## [Your instructions]
Going through the material below, output exactly the lines from the one containing "rizede-lider-cocuk-tarim-kampi-sona-erdi-(6).jpg" through the one containing "مسلم عربي في", and no pictures.

[Input data]

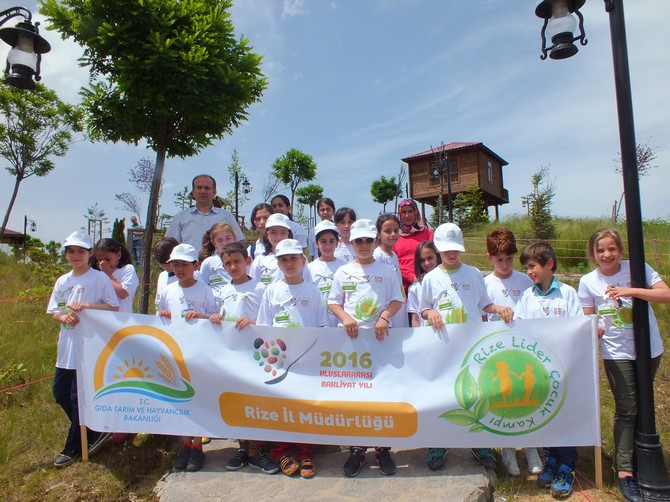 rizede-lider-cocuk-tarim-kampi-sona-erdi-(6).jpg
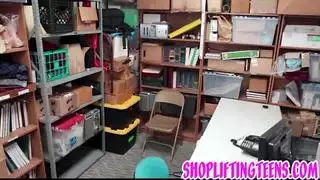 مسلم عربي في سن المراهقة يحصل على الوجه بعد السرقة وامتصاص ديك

[/Input data]
[Input data]

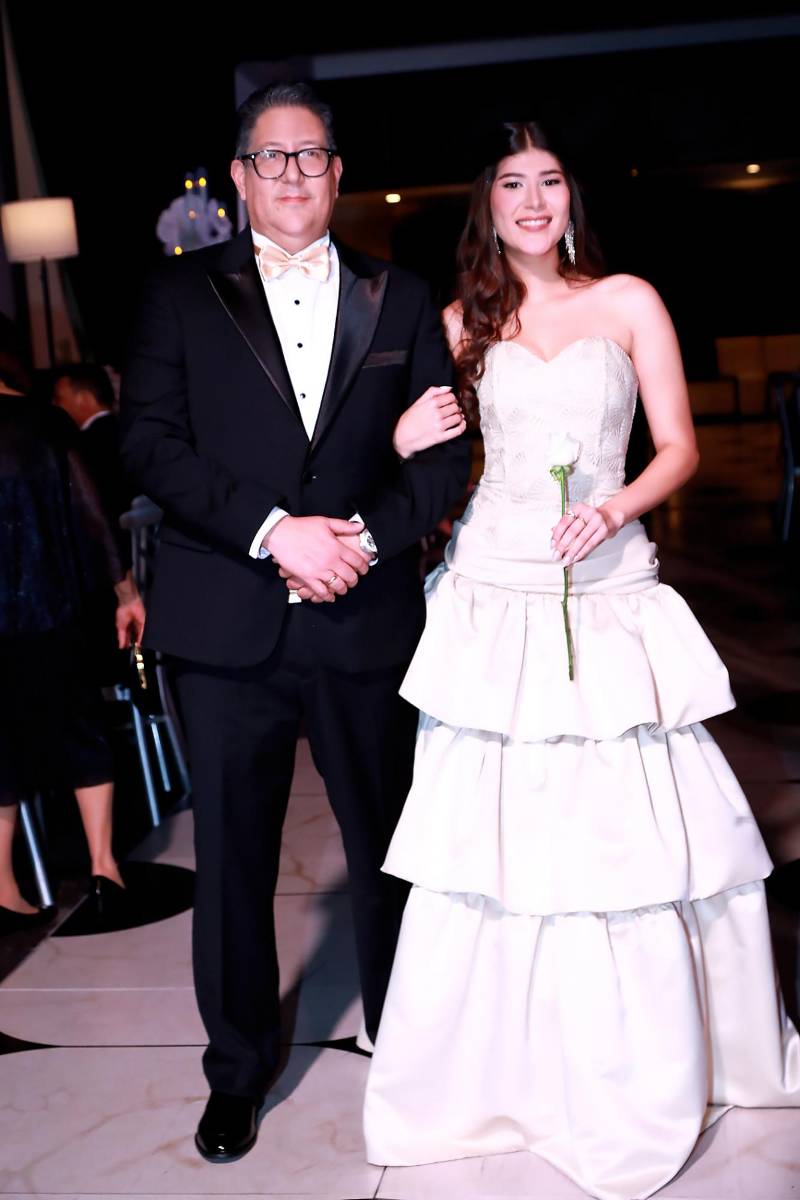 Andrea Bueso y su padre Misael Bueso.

[/Input data]

## [Exercise result]
 rizede-lider-cocuk-tarim-kampi-sona-erdi-(6).jpg
 مسلم عربي في سن المراهقة يحصل على الوجه بعد السرقة وامتصاص ديك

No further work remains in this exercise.